Supplied data:
-------------------------

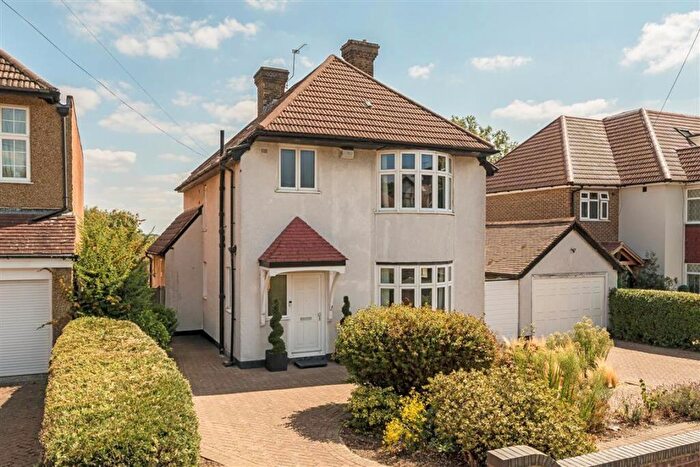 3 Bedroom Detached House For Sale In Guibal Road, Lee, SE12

-------------------------

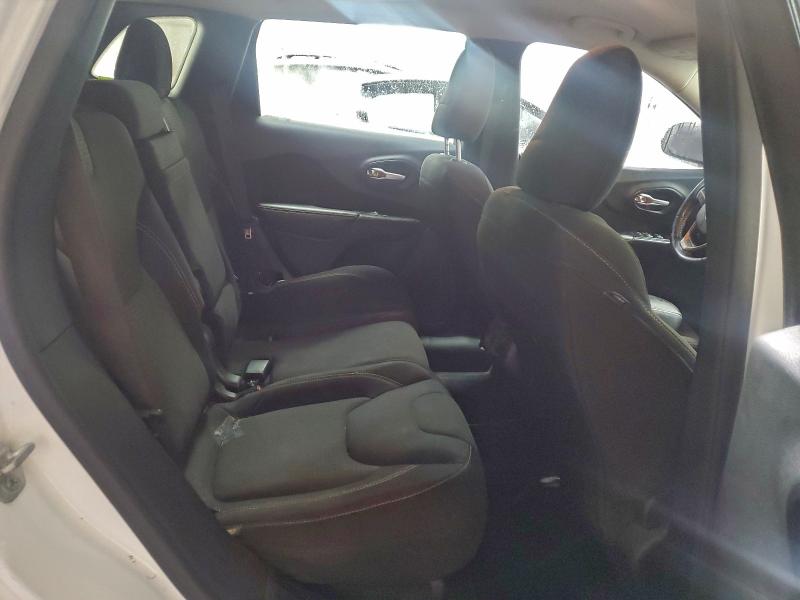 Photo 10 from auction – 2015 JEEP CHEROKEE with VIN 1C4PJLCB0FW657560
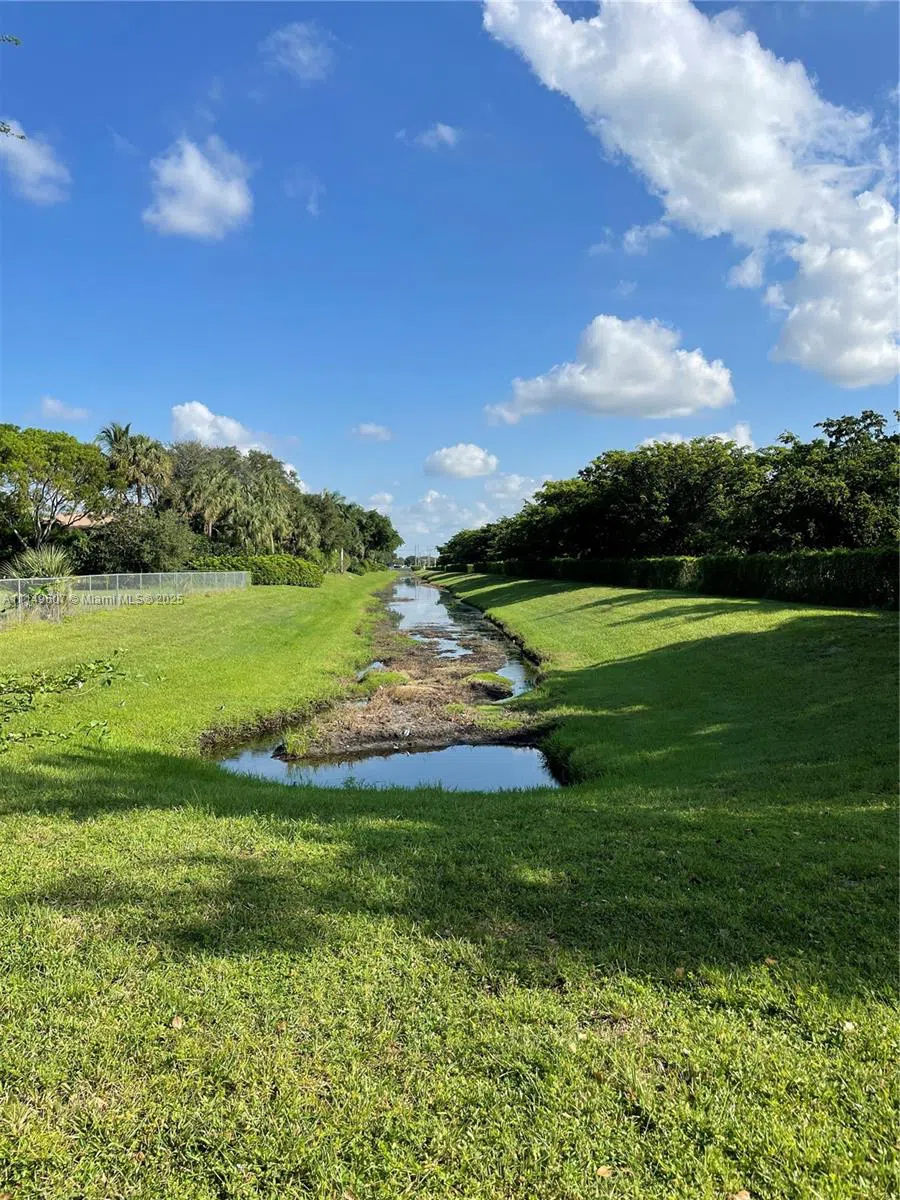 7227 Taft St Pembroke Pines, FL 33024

-------------------------

Task statement: "Photo 10 from" marks the first line to copy, and "7227 Taft St Pembroke Pines, FL 33024" marks the last. Repeat that stretch above exactly, with no pictures.

Exercise answer:
 Photo 10 from auction – 2015 JEEP CHEROKEE with VIN 1C4PJLCB0FW657560
 7227 Taft St Pembroke Pines, FL 33024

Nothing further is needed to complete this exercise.